The cover art of Tea Leaf Green’s latest, In the Wake, features a hooded Grim Reaper-like character in the ocean, the horizon behind him. On the 13-track collection, the San Francisco band takes a noticeable step away from simple jam, pop, and rock and embraces elaborately crafted song structures. Case in point: the three-part “Space Hero” suite.
Why are these factoids relevant? Consider that the Grateful Dead’s sixth studio album, 1973’s Wake of the Flood, marked a similar shift in the evolution of a Bay Area band. For the Dead, it was a move from bluesy undertones to eccentric jazz, most noticeably perhaps, in the multi-part “Weather Report Suite.” And on the cover of that San Francisco band’s album? A hooded figure holding a sickle, with the ocean behind him.

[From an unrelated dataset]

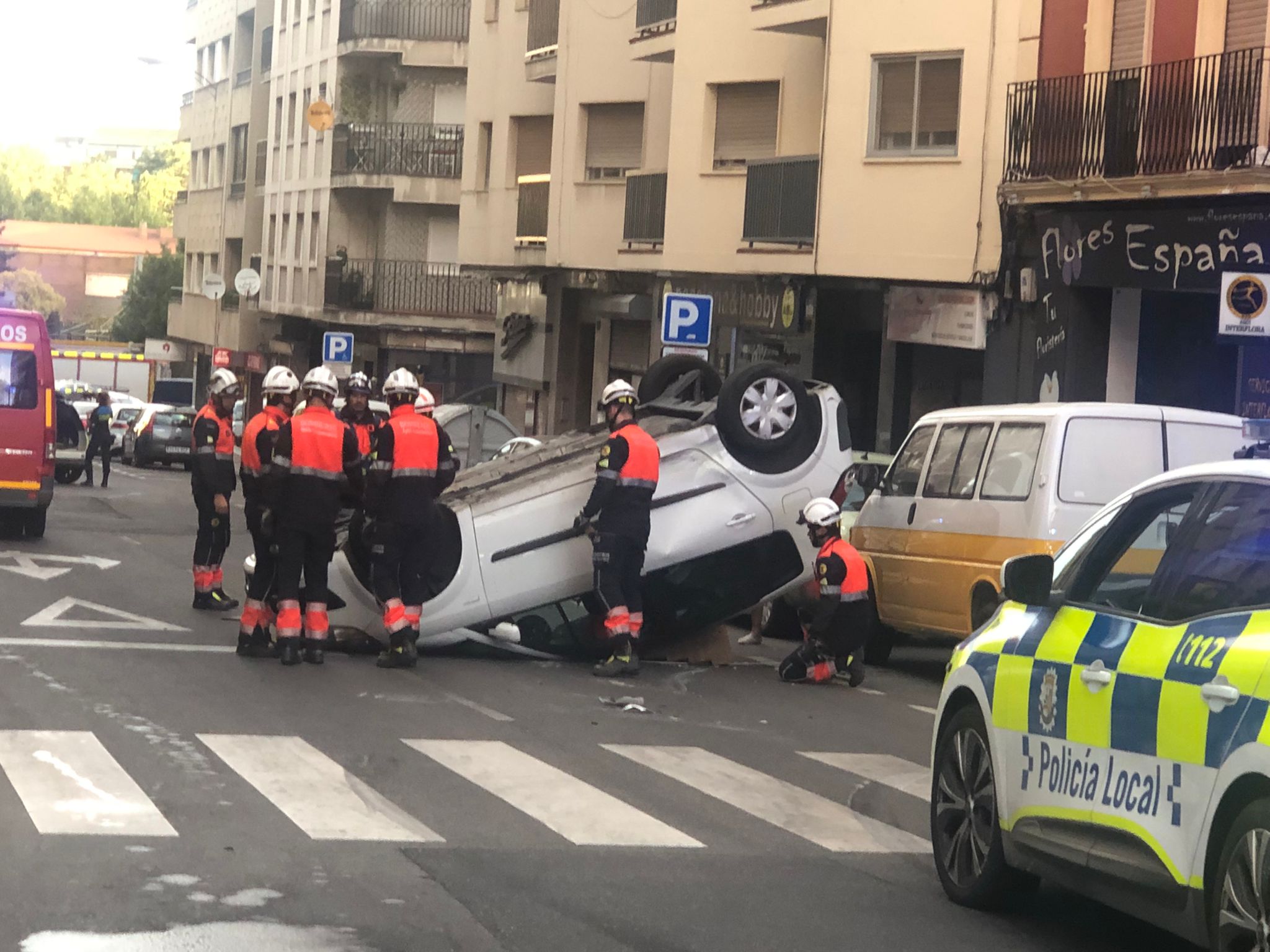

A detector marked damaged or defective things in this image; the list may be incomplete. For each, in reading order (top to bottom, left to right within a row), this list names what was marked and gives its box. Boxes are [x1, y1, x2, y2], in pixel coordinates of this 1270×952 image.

overturned white car [249, 360, 853, 659]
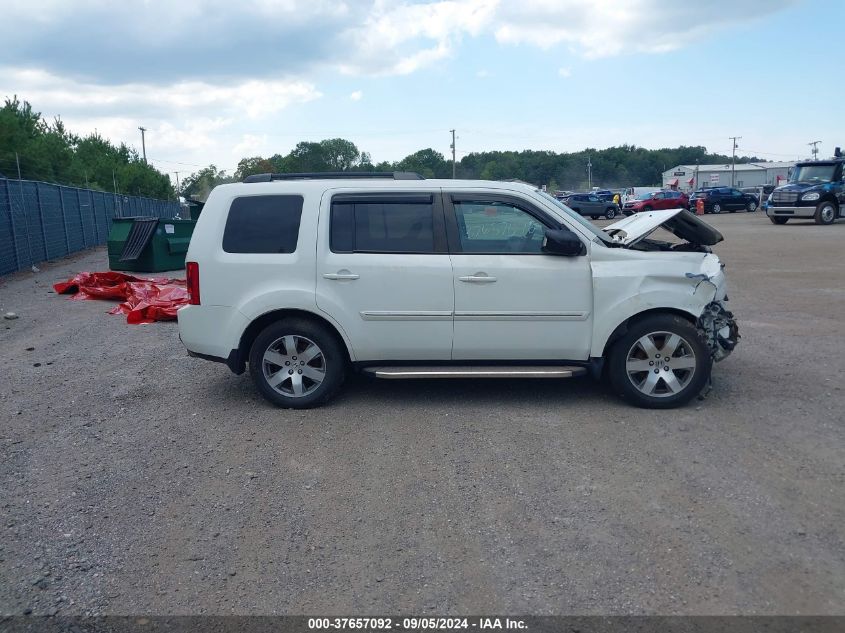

But as obvious as the coincidences are now, the members of Tea Leaf Green didn’t realize they had been inspired by the Dead’s 1973 record until after their 2013 album was complete.
“We were shocked,” Tea Leaf Green bassist Reed Mathis says. “The album was done before any of that occurred to us. Not only did we not plan that, we didn’t even notice.”
Mathis joined Tea Leaf Green in 2007, just after the departure of founding member Ben Chambers, and at a time when the band needed a jolt of energy and inspiration. Leaving behind his full-time gig with the Jacob Fred Jazz Odyssey, Mathis also walked away from a touring gig with Grateful Dead drummer Bill Kreutzmann’s group, 7 Walkers, in favor of focusing on Tea Leaf Green.
In 2011, the band added drummer Cochrane McMillan to the team in a mix that shadowed the Dead’s dual-drummer approach. The addition of McMillan was beneficial in another way: He co-owns the Coyote Hearing recording studio in Oakland, Calif. That little perk allowed Tea Leaf Green to take a relaxed approach to recording In the Wake. Over the course of a year, and in between the band’s tours, Mathis, McMillian, and company finished the record, which they released in May.
“When we weren’t on the road, I was there every day. I slept at the studio,” says Mathis. “When you hear about the great studios back in the day, they always talk about the vibe. Coyote has that, for sure.”
While the members of Tea Leaf Green were recording In the Wake, they decided not to perform any of the songs live until they’d been recorded. Mathis says, “When you play a song live, you have to make decisions about practical things, like, ‘How are we actually going to play this?’ But when you don’t do it live and you’re in the studio, you can do anything. You’re just using your imagination.”
Mathis’ jazz background has influenced Tea Leaf Green’s live sound, as well. Over the last five years, he says he’s watched “a good band with the talent to become a great band” become an outfit that challenges him nightly.
“I want real danger on stage,” he says. “I come from an improvising world. When most people think about improvising, they think about soloing. That’s not my concept.
“Soloing is improvising for beginners,” Mathis adds. “Real group improvising has nothing to do with soloing, and it doesn’t have to be a jam section of a song. You can do it anytime. I do it the whole time, and the rest of the band is starting to play that way, and that’s how the Dead played. There weren’t planned out parts. They were just going for it, and it worked because they trusted each other. That’s how post-World War II jazz operated, and that’s where I want to be.”
This winter, Mathis is taking time off from Tea Leaf Green to tour with the Rhythm Devils, the side project of Dead drummer Mickey Hart. The Tea Leaf Trio, featuring Mathis, McMillan, and keyboardist/singer Trevor Garrod, will open. The condensed Trio just released Volume 1, a collection of cover songs (including the Dead’s “Peggy-O” and “Mexicali Blues”), as a free download on the band’s website to help promote the project and tour.
“I’m every bit as proud of that as In the Wake, because they’re total opposites,” Mathis says. “One thing we spent a year on, and one thing we spent a night on, and they’re both awesome.”
Much like the Dead, Tea Leaf Green manages to avoid mimicking anyone else’s sound, including their jam band forbears. “Space Hero IV,” for example, sounds more like a lost track from a Rush album than a song recorded during the Wake of the Flood sessions.
“The band is taking chances. We’re taking more risks,” Mathis says. “It’s amazing what we’ve come up with in just five years. I hope it translates to the audience, because onstage, it’s incredible what we’re experiencing.”